To run the web scraping program on your local computer, please follow these steps:
-
Clone this repository to your local machine using the following command:
git clone https://github.com/MaxineXiong/Music-Events-Web-Scraper.git
-
Download and install the latest version of Python for your system. Make sure to select the "Add Python to PATH" option during the installation process.
-
Navigate to the project folder using File Explorer, type
cmd
in the address bar at the top of the window, and press Enter. This will open Command Prompt in the project folder. -
Install the required packages by executing the following command in the Command Prompt:
pip install -r requirements.txt
-
Configure email settings: Open
main.py
and update thesender_email
,recipient_email
, andsender_password
variables with your own email credentials and app password. -
Configure database settings: Update the
[DATABASE-NAME]
,[USERNAME]
, and[PASSWORD]
values in themove_to_pgDB
method with your PostgreSQL database credentials. -
Now launch the web scraping program by entering the following command in the Command Prompt:
python main.py
Contributions are welcome! Please fork the repository and create a pull request with your changes. Ensure that your code adheres to the project’s coding standards and includes appropriate tests.
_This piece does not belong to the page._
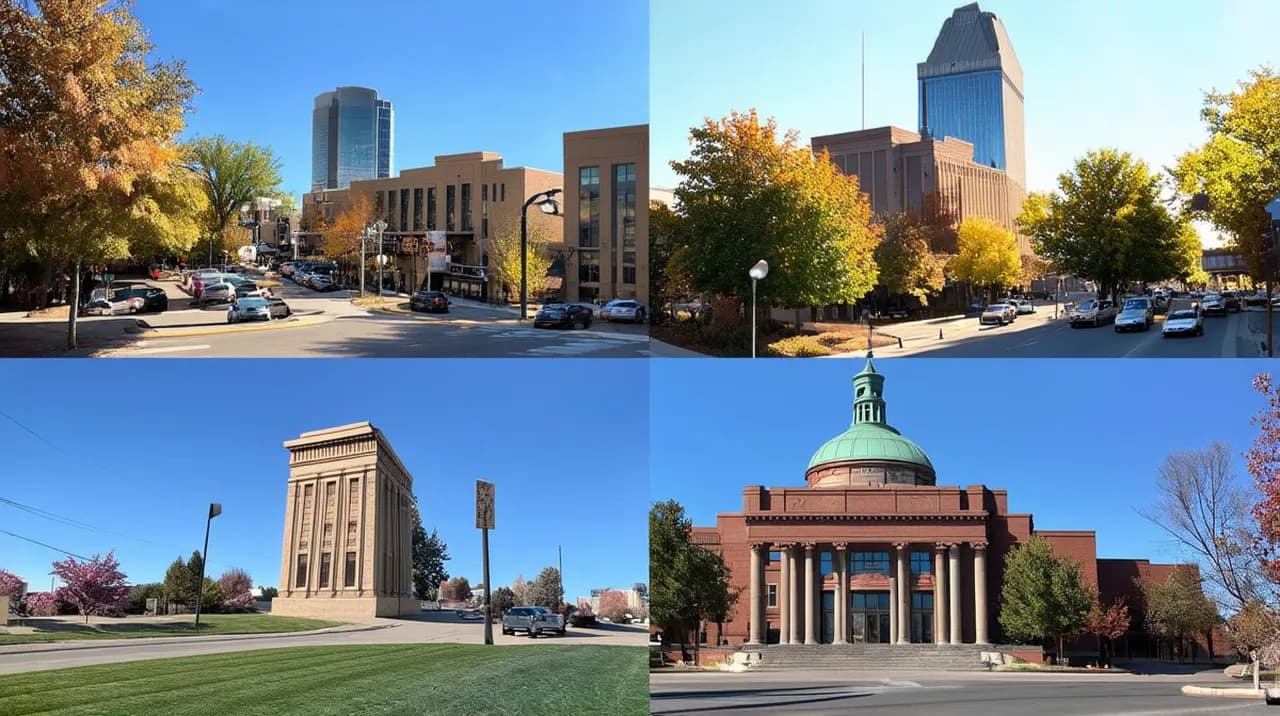 Boise Landmarks: 10 Iconic Sites to Explore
This project is licensed under the MIT License. See the LICENSE file for more details.
I would like to acknowledge the following organizations and technologies for their contributions to this project:
- BeautifulSoup: For providing powerful tools for web scraping and HTML parsing, enabling the extraction of detailed event data.
- Requests: For its robust HTTP capabilities, facilitating seamless interactions with web services.
- Pandas: For its extensive data manipulation and analysis features, which significantly streamline the handling of structured data.
- SMTP and Email Libraries: For their comprehensive support in email handling, allowing the scraper to dispatch notifications and attachments effectively.
- Psycopg2: For enabling efficient interaction with PostgreSQL databases, ensuring secure and reliable data storage and retrieval.
Each of these tools has contributed to the functionality and efficiency of this project, and their ongoing development support is greatly appreciated.
The data extracted by the Music Events Web Scraper is solely for project showcasing purposes. It will not be sold to any third party, nor will it be used for any commercial activities beyond the scope of project demonstration and academic presentation. All data handling will adhere to ethical guidelines and respect privacy considerations.